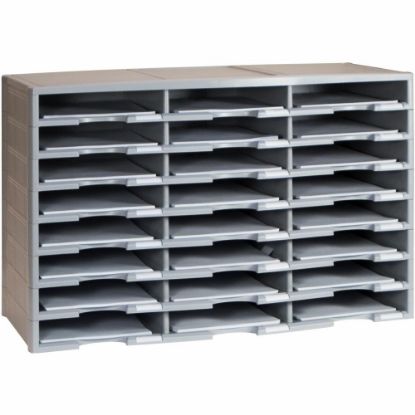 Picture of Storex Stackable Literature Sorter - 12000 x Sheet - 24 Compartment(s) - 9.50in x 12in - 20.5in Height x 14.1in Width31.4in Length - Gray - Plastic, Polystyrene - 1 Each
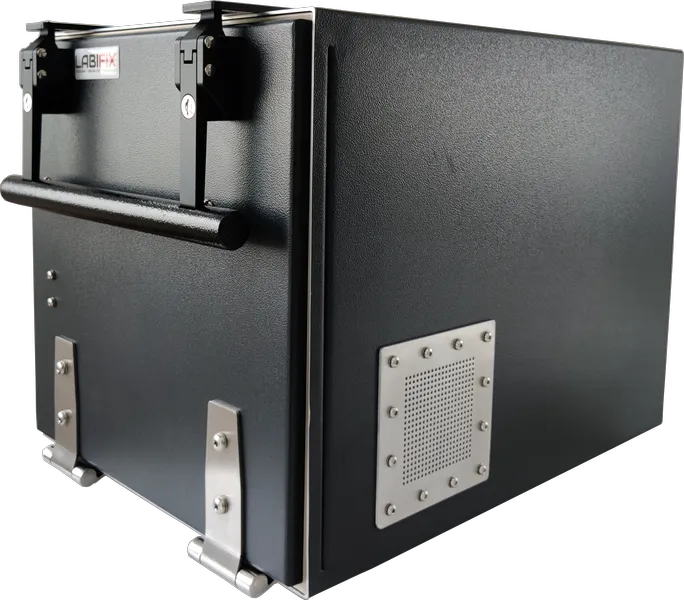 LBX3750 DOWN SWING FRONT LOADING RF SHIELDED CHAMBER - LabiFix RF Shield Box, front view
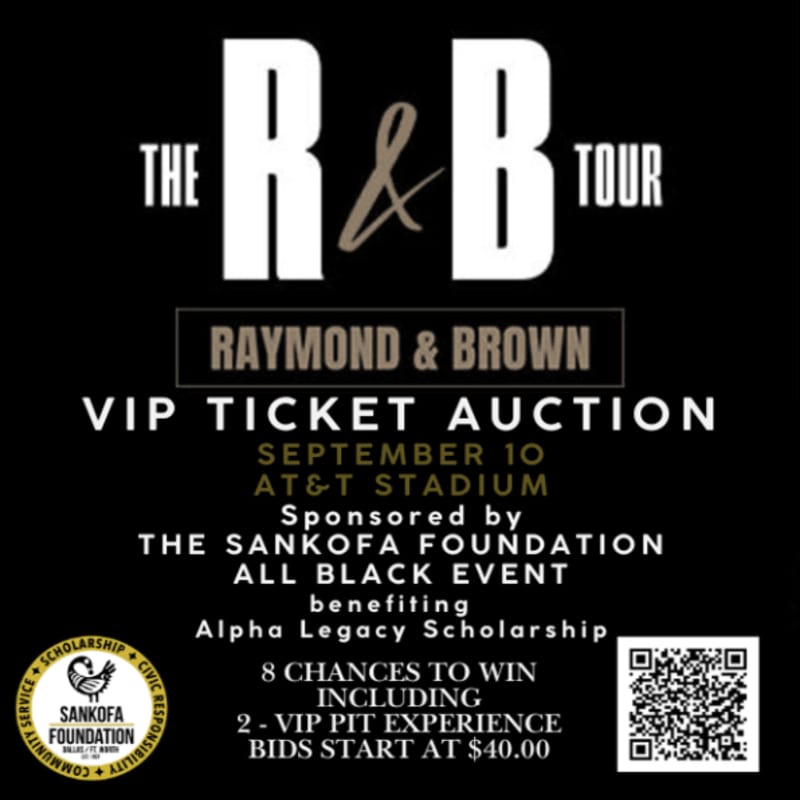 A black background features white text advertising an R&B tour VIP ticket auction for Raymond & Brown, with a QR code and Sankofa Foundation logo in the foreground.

--

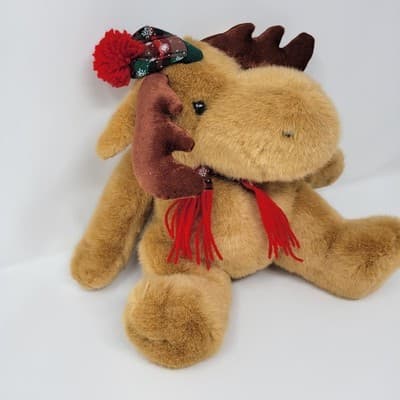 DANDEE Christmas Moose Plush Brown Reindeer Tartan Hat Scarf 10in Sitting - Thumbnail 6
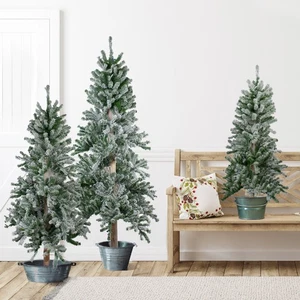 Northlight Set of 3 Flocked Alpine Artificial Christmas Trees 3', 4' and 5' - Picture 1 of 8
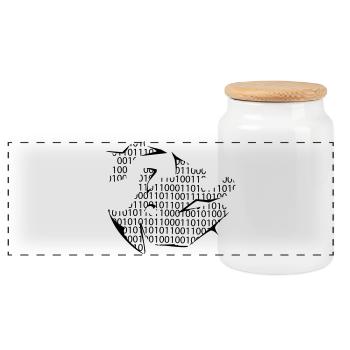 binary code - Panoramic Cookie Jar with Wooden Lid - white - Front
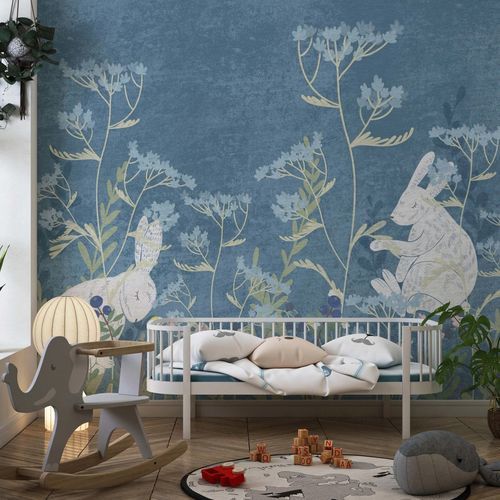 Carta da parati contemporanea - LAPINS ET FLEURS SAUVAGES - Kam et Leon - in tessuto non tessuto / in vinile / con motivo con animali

_Exercise instructions_:
Using the data above, set down each line from the line with "Picture of Storex" to the line with "A black background" exactly, both ends included, and leave the pictures behind. Nothing else belongs.

_Solution for this exercise_:
 Picture of Storex Stackable Literature Sorter - 12000 x Sheet - 24 Compartment(s) - 9.50in x 12in - 20.5in Height x 14.1in Width31.4in Length - Gray - Plastic, Polystyrene - 1 Each
 LBX3750 DOWN SWING FRONT LOADING RF SHIELDED CHAMBER - LabiFix RF Shield Box, front view
 A black background features white text advertising an R&B tour VIP ticket auction for Raymond & Brown, with a QR code and Sankofa Foundation logo in the foreground.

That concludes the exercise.